Зыков долго смотрел на мальчика, не мог понять, кто он и зачем прибыл. Потом, когда понял, подобрел, стал расспрашивать про Голодай-село, про барыню Олимпиаду Мелакиевну и Собакина, про мельника Полубоярова и деда Сашку.
— Помер, значит, дед Сашка? — узнав о разгроме ширяевского хозяйства, проговорил Зыков. — Эх, царство ему небесное! Ну что же, — глянул на Лёшку, — оставайся. Только вот к делу тебя приставить надобно. Дармовой хлеб нынче-то дорог.
Жизнь в доме Зыковых начиналась рано. Чуть свет тётка Марья принималась возиться с горшками и плошками, ставила самовар, а потом будила мужа и Лёшку. Дядя Ипат в зевоте широко раскрывал рот и кричал в соседнюю комнату:
— Дунька! Дунька! Нечего бока отлёживать.
Дуняша сладко потягивалась и нехотя поднималась.
Наскоро умывшись, ели мятую картошку, пили чай без сахара и направлялись запрягать лошадей. Лёшка помогал дяде Ипату затягивать подпруги, обматывал Зыкова вокруг пояса кушаком, а затем открывал ворота. Дядя Ипат и Дуняша уезжали. Два раза в неделю Зыков напивался. Он бил тётку Марью, гонялся за Дуняшей и однажды до того излупил Лёшку, что тот неделю ходил с синяками.

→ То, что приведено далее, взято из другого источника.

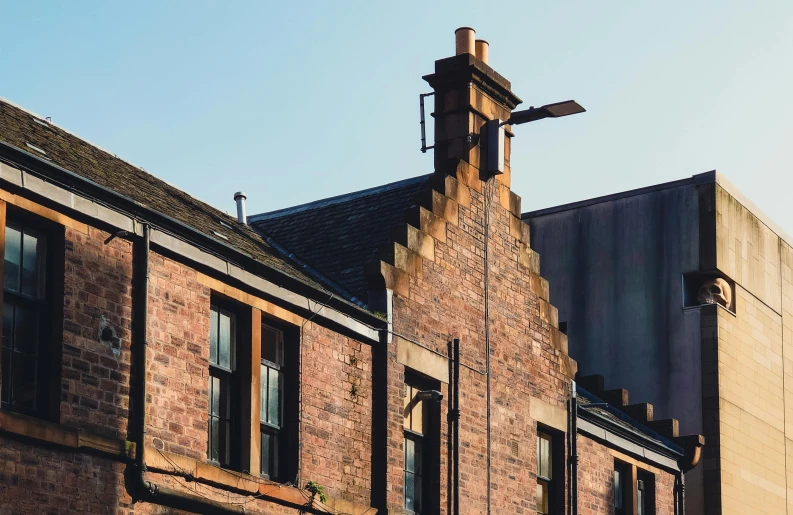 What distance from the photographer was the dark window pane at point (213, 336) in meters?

Вначале мальчик сидел дома: подметал двор, чистил конюшню, сгребал в кучу навоз. Потом дядя Ипат стал брать его с собой в город, приучать к извозчичьему делу. Лёшка долго путал Ильинку с Ордынкой, Плющиху с Палихой, Покровские ворота с Петровскими и никак не мог уяснить, где находится Камер-Коллежский вал. Дядя Ипат злился и начинал пояснять:
— Камер-Коллежский вал, он и тута, рядом с твоим домом, и тама, на другой стороне Москвы. Если Бутырский — этот от Брестской площади, а раз Золоторожский — так вали за реку Яузу. А есть ещё Симоновский и Семёновский, Крутицкий, Покровский, Госпитальный… — Зыков без удержу сыпал названиями и вконец запутывал Лёшку.